Archaeological Heritage and Society
About the Department
The Department of Archaeological Heritage and Society focuses on the relationships between past and present, the role of heritage in society, and how heritage conceived broadly can contribute to improving quality of life.
The Department of Archaeological Heritage and Society has developed four main research lines, which are attached to two chair groups (Archaeological Heritage Management and Heritage and Rights of indigenous Peoples).
Main lines of research and education
- Archaeological Heritage Management
- Heritage and Rights of Indigenous Peoples
- Landscape, Heritage and Governance
- Museum Studies
Our research is concerned with the theoretical, interpretative and social dimensions of heritage and how these relate to the quality of life.

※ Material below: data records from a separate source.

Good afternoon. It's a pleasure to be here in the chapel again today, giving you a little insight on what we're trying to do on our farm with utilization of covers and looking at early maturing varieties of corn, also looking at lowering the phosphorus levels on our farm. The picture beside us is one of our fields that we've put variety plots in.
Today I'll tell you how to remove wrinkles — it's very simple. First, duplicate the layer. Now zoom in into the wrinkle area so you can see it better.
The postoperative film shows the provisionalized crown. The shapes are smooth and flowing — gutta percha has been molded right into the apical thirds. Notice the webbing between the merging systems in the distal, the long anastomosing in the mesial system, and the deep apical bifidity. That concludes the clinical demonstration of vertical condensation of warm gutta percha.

Our research is concerned with the theoretical, interpretative and social dimensions of heritage and how these relate to the quality of life. A central tenet of our department is the potential of archaeology, heritage of place and landscape (including water systems) to create a better, more sustainable and livable environment for the future. We are also interested in the rights of communities to access and engage with their heritage, and community engagement is central to our activities. Collectively we are not only interested in what heritage in its various forms can contribute to societal well-being, but also what society and the non-academic community can contribute to our research. How can heritage governance be more equitable and representative? How can we create better conditions for anchoring social memory, local interest and identity in the world of ancient places and objects? These are some of the questions addressed in our department’s work.

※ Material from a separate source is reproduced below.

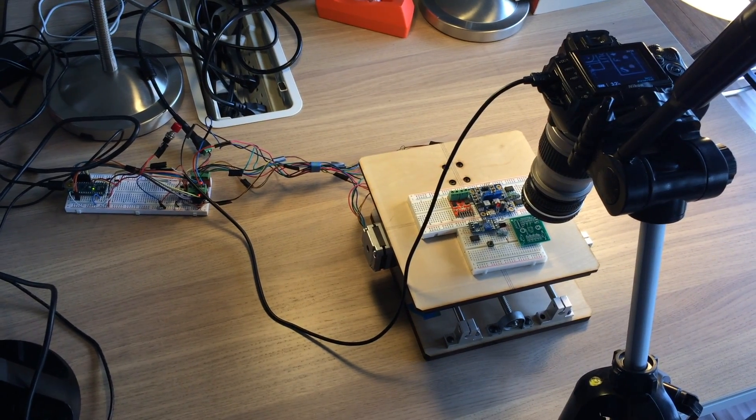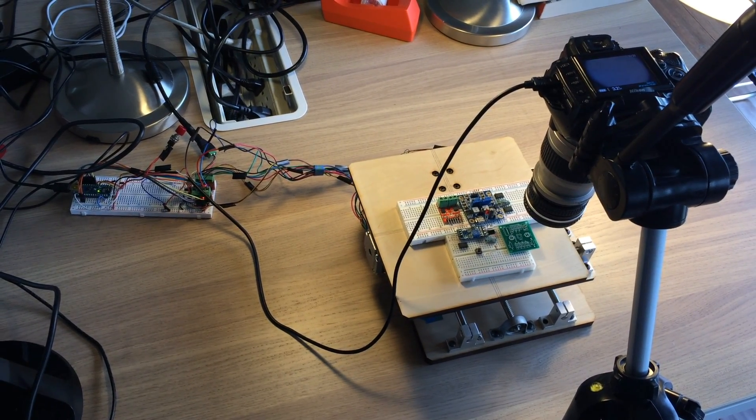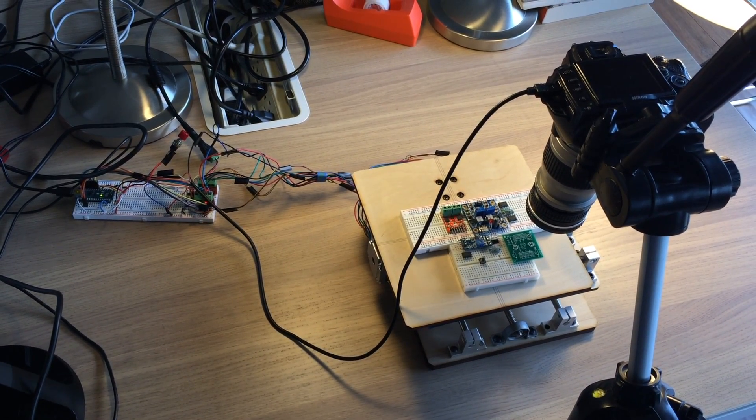Links for the gigapixel microscopic images created with this microscope and the instructions for building the device are included in the description. Thanks for watching.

Together with the Centre for Global Heritage and Development, the department aims to make cutting-edge research relevant for education. It has developed various international networks along these lines. Please click on the lines of research above for further information.

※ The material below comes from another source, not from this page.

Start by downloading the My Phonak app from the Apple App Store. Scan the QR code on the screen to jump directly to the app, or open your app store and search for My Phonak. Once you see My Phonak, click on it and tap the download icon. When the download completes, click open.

Archaeological heritage management is a very broad field of research. It is concerned with the identification, protection, management and preservation of the material remains of human activity in the past (of whatever period and in whichever region of the world) and with the interaction that this involves with all kinds of stakeholders. At present the research topics of the archaeological heritage management section vary from the modern management of archaeological resources (sites and finds) and requirements of sustainable development, to the challenges of commercial archaeology and the endeavor to find efficient methods of public engagement. This encompasses archaeological resources on both land and underwater.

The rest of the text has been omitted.